One of the mishaps I had was with the technoversions front diff solid mount. No matter how I tried, I couldn't get all 4x bolts into the sides around the diff. So I reverted back to the strap. I'm assuming the mount is twisted or.. I hope my mounts aren't twisted.. the PO did blow up a diff in this car. 😨

Last couple of days I've put these bits on and I'm getting a lot more enthusiasm for it. I guess it's the excitement of receiving more parts in the post of late. Plus watching George's (Robotsan) thread on his journey.

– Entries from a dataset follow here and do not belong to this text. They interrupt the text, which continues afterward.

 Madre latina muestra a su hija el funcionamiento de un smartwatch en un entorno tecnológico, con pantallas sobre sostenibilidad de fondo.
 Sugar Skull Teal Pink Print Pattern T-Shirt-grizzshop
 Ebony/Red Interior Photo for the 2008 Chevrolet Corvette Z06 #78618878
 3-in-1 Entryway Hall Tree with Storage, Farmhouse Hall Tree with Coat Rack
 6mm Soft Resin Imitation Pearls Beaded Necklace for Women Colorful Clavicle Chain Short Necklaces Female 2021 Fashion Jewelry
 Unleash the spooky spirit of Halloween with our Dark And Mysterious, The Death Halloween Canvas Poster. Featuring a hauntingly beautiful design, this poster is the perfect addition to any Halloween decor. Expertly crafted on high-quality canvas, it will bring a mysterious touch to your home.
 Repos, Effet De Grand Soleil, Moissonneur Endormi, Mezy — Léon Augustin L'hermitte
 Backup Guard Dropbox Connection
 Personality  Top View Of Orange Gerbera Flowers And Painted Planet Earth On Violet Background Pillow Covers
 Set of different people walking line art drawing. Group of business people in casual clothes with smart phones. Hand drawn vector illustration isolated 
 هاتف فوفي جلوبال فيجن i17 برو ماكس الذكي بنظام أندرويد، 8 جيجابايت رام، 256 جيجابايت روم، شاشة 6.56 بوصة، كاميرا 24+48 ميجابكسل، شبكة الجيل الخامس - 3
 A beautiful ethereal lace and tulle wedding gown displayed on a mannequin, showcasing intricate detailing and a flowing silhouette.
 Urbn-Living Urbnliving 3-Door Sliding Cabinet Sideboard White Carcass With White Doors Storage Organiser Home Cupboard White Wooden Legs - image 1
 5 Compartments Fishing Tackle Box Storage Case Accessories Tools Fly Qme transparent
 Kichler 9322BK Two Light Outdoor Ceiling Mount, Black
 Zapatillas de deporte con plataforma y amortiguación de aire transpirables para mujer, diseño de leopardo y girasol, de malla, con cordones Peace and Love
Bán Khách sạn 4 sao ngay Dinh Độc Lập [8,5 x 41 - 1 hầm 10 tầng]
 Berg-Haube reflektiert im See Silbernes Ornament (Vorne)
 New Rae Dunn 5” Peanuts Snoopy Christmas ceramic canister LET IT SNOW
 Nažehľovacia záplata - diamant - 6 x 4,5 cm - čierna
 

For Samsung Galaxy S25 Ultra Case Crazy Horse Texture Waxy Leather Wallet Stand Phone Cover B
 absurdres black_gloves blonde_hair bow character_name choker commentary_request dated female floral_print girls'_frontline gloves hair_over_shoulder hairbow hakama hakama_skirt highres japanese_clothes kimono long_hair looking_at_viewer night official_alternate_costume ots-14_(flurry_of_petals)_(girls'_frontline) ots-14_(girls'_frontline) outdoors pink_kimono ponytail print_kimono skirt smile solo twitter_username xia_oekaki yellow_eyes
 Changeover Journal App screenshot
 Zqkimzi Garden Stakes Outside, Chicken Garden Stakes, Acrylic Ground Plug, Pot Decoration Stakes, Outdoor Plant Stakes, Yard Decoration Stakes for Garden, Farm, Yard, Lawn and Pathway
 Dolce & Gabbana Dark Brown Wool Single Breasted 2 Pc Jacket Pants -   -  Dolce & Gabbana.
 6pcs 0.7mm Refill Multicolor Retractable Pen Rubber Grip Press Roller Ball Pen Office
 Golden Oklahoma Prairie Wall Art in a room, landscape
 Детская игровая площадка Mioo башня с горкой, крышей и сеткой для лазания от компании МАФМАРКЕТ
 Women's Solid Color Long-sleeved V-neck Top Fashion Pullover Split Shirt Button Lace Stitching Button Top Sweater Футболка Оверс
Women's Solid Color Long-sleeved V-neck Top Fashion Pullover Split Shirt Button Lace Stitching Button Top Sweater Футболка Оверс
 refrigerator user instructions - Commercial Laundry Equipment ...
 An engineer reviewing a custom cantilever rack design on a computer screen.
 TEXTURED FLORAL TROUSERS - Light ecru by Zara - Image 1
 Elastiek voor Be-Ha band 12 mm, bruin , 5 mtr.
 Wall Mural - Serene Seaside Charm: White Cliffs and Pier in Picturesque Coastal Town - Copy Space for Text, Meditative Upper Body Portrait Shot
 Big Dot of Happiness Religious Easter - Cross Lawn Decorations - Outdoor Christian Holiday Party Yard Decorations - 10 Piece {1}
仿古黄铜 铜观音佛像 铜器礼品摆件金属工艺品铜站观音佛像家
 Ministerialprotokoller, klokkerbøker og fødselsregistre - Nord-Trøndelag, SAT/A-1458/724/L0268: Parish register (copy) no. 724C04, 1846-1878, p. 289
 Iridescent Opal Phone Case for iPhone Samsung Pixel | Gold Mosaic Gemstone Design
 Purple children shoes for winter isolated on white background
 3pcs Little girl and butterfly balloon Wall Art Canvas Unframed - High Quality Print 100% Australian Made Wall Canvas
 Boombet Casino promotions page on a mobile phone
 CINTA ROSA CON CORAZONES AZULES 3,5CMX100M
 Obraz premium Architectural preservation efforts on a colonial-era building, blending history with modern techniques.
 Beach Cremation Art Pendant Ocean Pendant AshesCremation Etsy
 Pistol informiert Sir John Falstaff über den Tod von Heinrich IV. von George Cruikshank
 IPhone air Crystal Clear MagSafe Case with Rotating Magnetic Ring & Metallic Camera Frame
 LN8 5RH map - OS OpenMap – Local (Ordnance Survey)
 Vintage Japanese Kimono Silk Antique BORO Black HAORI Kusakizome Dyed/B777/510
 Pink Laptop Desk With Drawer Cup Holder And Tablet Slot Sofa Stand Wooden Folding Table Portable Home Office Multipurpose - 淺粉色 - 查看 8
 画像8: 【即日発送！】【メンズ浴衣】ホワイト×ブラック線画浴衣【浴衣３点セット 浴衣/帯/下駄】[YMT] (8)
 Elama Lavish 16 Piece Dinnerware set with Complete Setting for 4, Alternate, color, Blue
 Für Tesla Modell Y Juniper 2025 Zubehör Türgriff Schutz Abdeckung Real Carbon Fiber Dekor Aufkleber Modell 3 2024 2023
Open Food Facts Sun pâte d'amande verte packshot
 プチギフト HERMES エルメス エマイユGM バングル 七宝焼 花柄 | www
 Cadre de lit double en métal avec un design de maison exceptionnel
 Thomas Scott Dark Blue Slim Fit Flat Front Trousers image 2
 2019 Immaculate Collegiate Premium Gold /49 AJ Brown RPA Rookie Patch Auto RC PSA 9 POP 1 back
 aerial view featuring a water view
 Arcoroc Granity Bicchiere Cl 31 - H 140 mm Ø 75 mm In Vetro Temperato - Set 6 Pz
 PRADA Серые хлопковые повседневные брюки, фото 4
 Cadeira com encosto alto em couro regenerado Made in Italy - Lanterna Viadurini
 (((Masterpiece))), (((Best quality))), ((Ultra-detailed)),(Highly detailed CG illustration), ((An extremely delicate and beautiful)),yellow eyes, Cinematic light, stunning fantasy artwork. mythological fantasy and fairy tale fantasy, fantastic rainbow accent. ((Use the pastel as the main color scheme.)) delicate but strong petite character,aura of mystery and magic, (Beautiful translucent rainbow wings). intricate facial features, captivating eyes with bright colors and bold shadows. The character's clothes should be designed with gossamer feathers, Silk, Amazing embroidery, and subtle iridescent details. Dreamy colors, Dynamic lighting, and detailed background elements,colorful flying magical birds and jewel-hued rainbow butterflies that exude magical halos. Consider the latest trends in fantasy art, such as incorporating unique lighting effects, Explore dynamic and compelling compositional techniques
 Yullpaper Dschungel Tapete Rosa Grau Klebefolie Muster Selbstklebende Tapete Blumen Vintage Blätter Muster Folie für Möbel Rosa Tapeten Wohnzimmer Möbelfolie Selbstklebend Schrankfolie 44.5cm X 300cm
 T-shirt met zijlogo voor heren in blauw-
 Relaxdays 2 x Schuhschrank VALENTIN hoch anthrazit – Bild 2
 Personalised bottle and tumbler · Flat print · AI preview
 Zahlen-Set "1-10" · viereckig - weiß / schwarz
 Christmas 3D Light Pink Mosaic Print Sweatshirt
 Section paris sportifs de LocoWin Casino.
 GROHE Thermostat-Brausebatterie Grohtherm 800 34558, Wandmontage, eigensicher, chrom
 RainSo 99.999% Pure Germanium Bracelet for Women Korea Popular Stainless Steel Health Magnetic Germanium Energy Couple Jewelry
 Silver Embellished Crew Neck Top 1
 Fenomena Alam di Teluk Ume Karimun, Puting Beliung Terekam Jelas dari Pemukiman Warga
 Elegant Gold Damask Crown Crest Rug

Looks amazing Martin. Glad to be of some sort of use! I think I probably have 'new owner enthusiasm' - expect my postings to dry up at some point 😂

Love the look of all the powder coated parts. Makes me pretty sure I'll do that to mine. Was thinking of zinc plating all the hardware myself with a home DIY kit. But not sure I can arsed!
 

MCBladeRun

Club Member
Looks amazing Martin. Glad to be of some sort of use! I think I probably have 'new owner enthusiasm' - expect my postings to dry up at some point 😂

Love the look of all the powder coated parts. Makes me pretty sure I'll do that to mine. Was thinking of zinc plating all the hardware myself with a home DIY kit. But not sure I can arsed!
I also thought of a DIY kit which, now my garage is well on the way to being built, I suppose I shall invest in one for doing bits and bobs on the car as they come along.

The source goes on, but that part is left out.